# 54cm road bike - getting desperate!



## Andrew_Culture (15 May 2014)

My little sister is doing a 70mile sponsored ride through London in three week's time and so far she has done all her training on a Carerra MTB. So she's desperate for a road bike.

We've been hunting eBay for something like a second-hand Triban 3 but have had not joy


----------



## John the Canuck (15 May 2014)

********* http://www.gumtree.com/p/for-sale/carrera-valour-medium-54cm-road-bike-105-wheelset/1058197629

http://www.gumtree.com/p/for-sale/carrera-race-road-bike/1060508330

http://www.gumtree.com/p/for-sale/viking-san-marino-road-bike/1058716050

http://www.gumtree.com/p/for-sale/carrea-road-bike/1057344048


----------



## michaelcycle (15 May 2014)

What's her budget?

http://www.goinggoingbike.com/bikes.html?bike_size=687


----------



## Andrew_Culture (15 May 2014)

michaelcycle said:


> What's her budget?
> 
> http://www.goinggoingbike.com/bikes.html?bike_size=687



Non existent, but up to £200 realistically


----------



## Andrew_Culture (15 May 2014)

John the Canuck said:


> ********* http://www.gumtree.com/p/for-sale/carrera-valour-medium-54cm-road-bike-105-wheelset/1058197629



BOOM as I believe the kids are saying.


----------



## John the Canuck (15 May 2014)

Andrew_Culture said:


> BOOM as I believe the kids are saying.



??...


----------



## AndyRM (15 May 2014)

I believe Andrew has hit the proverbial back of the net.


----------



## uphillstruggler (15 May 2014)

Andrew_Culture said:


> BOOM as I believe the kids are saying.



Did you get it


----------



## DCLane (15 May 2014)

I'd suggest this; http://www.cyclechat.net/threads/peugeot-ao-8-record-du-monde-1973-12-speed-700c-wheels.156073/

But you're a bit far away and my offer of riding it to you won't stretch! I'm near London but not until the 11th/12th June.


----------



## Cuchilo (15 May 2014)

I think the purple pug I have is a 54 . Got someone interested in it but .......


----------



## Andrew_Culture (15 May 2014)

My sister has just told me she has a budget of fifty quid, I'm headbutting my desk here. I've just emailed my dad to scrounge on her behalf.


----------



## Cuchilo (15 May 2014)

Hire one for £50 ?
Boris bikes are a good deal


----------



## qigong chimp (15 May 2014)

With all the Londoners on the forum someone'll lend her a bike, surely? If I still lived in Suffolk/London I'd lend you/her a 54cm road bike for her 70mile ride.


----------



## Cuchilo (15 May 2014)

qigong chimp said:


> With all the Londoners on the forum someone'll lend her a bike, surely? If I still lived in Suffolk/London I'd lend you/her a 54cm road bike for her 70mile ride.
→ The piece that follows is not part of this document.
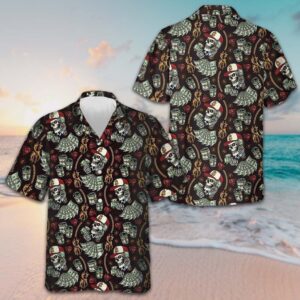Skull And Dollars Seamless Pattern Hawaiian Shirt Beach Shirt Button Down Gifts For Him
I'm old school so yes youre right . You can borrow my bike but if you break it you buy it . With a £50 budget you can borrow a picture of my bikes . But I want the picture back .


----------



## mickle (15 May 2014)

Andrew_Culture said:


> My sister has just told me she has a budget of fifty quid, I'm headbutting my desk here. I've just emailed my dad to scrounge on her behalf.



2 x slicks and tubes for her mountain bike?


----------



## JoeyB (15 May 2014)

My first few rides were on a carrera mtb with slicks. They included a 37 miler and then two 65 milers. Might be too short a time for her to get used to a road bike now aswell?


----------



## jefmcg (15 May 2014)

http://www.onyourbike.com/rental.php Trek 1.1 £49/four days.

Right on the money


----------



## Andrew_Culture (16 May 2014)

mickle said:


> 2 x slicks and tubes for her mountain bike?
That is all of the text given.